• AIM OF THE EXERCISE: Return only the tail of the data below, word for word: the line with "Universal Thread Womens" and each line after it through the final one.

• PROVIDED ENTRIES:

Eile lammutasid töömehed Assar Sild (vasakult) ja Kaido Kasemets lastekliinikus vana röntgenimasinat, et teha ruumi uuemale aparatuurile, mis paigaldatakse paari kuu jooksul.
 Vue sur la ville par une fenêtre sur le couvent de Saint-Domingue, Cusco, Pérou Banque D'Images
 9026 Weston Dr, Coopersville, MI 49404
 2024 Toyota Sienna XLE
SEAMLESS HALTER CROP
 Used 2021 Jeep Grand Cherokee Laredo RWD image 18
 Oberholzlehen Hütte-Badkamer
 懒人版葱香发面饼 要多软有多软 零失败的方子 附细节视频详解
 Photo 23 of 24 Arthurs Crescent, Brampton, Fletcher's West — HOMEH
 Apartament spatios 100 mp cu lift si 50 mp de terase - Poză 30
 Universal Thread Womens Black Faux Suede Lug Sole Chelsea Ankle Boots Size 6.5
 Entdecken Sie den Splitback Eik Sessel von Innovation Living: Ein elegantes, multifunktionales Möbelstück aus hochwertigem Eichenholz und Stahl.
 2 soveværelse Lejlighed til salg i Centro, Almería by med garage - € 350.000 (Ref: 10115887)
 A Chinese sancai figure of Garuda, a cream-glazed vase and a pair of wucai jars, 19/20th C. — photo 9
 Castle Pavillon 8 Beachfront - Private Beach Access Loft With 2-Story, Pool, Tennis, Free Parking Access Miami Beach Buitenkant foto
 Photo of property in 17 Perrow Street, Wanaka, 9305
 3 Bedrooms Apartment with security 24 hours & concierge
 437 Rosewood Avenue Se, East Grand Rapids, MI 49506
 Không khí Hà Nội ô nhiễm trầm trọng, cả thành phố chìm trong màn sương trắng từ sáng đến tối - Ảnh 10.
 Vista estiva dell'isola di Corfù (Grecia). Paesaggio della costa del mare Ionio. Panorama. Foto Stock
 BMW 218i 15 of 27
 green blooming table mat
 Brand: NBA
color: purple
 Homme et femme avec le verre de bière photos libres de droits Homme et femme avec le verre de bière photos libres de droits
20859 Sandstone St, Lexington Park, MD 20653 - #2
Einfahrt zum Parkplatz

• RESPONSE TO THE TASK:
 Universal Thread Womens Black Faux Suede Lug Sole Chelsea Ankle Boots Size 6.5
 Entdecken Sie den Splitback Eik Sessel von Innovation Living: Ein elegantes, multifunktionales Möbelstück aus hochwertigem Eichenholz und Stahl.
 2 soveværelse Lejlighed til salg i Centro, Almería by med garage - € 350.000 (Ref: 10115887)
 A Chinese sancai figure of Garuda, a cream-glazed vase and a pair of wucai jars, 19/20th C. — photo 9
 Castle Pavillon 8 Beachfront - Private Beach Access Loft With 2-Story, Pool, Tennis, Free Parking Access Miami Beach Buitenkant foto
 Photo of property in 17 Perrow Street, Wanaka, 9305
 3 Bedrooms Apartment with security 24 hours & concierge
 437 Rosewood Avenue Se, East Grand Rapids, MI 49506
 Không khí Hà Nội ô nhiễm trầm trọng, cả thành phố chìm trong màn sương trắng từ sáng đến tối - Ảnh 10.
 Vista estiva dell'isola di Corfù (Grecia). Paesaggio della costa del mare Ionio. Panorama. Foto Stock
 BMW 218i 15 of 27
 green blooming table mat
 Brand: NBA
color: purple
 Homme et femme avec le verre de bière photos libres de droits Homme et femme avec le verre de bière photos libres de droits
20859 Sandstone St, Lexington Park, MD 20653 - #2
Einfahrt zum Parkplatz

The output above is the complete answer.